=== Required action ===
Write the entries out exactly. Any images they hold stay out of the copy.

Short descriptive text snippets:
....

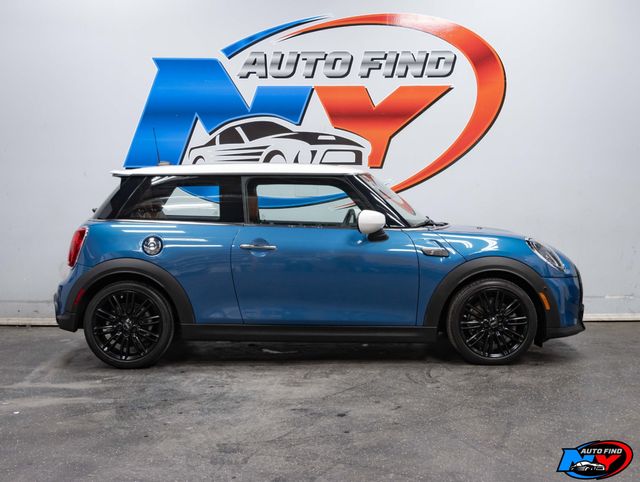 2023 MINI Cooper S Hardtop 2 Door 1 OWNER, ICONIC TRIM, PAN SUNROOF, NAVIGATION, WIRELESS CHARGING - 22900627 - 7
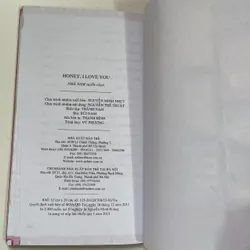 Honey, I love you – Nhã Nam tuyển chọn 658810
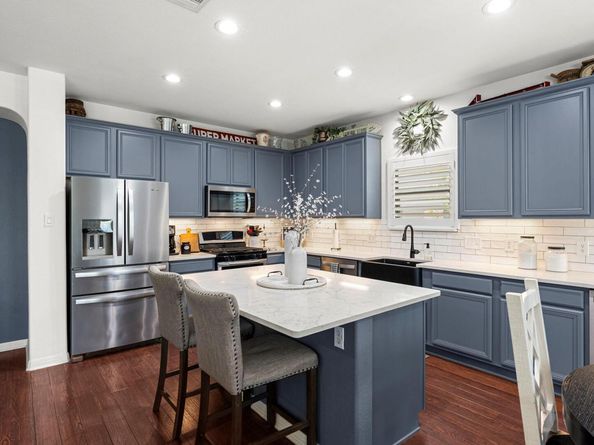 7625 Brecourt Manor WAY, Austin TX 78739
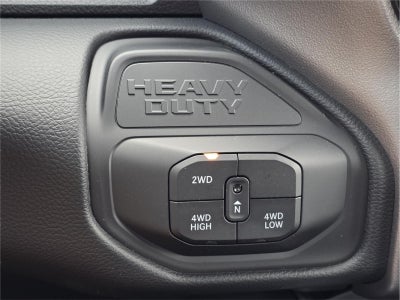 2026 RAM 2500 Lone Star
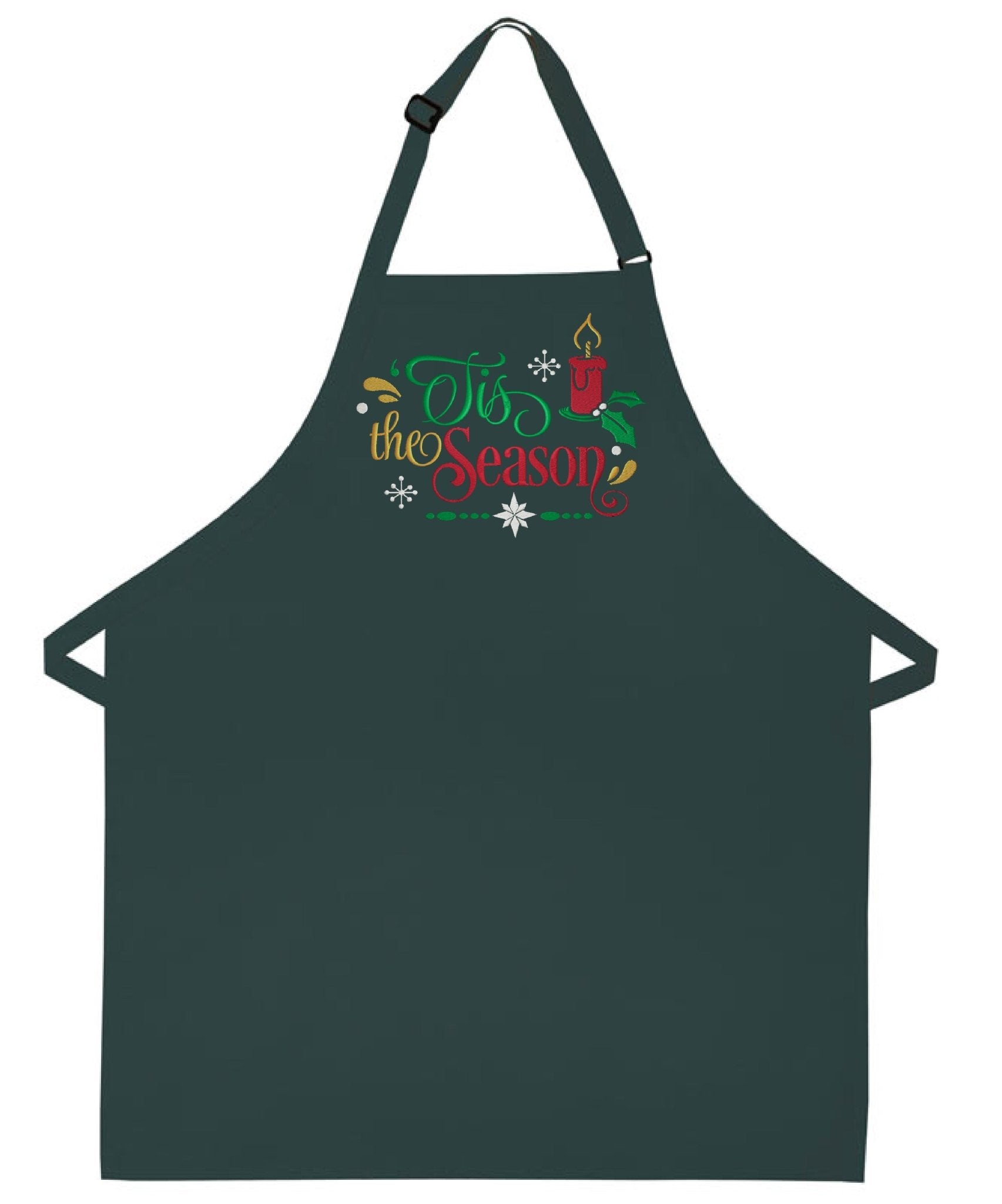 {{product_title}} – {{color}} embroidered kitchen apron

....

=== Exercise result ===
 2023 MINI Cooper S Hardtop 2 Door 1 OWNER, ICONIC TRIM, PAN SUNROOF, NAVIGATION, WIRELESS CHARGING - 22900627 - 7
 Honey, I love you – Nhã Nam tuyển chọn 658810
 7625 Brecourt Manor WAY, Austin TX 78739
 2026 RAM 2500 Lone Star
 {{product_title}} – {{color}} embroidered kitchen apron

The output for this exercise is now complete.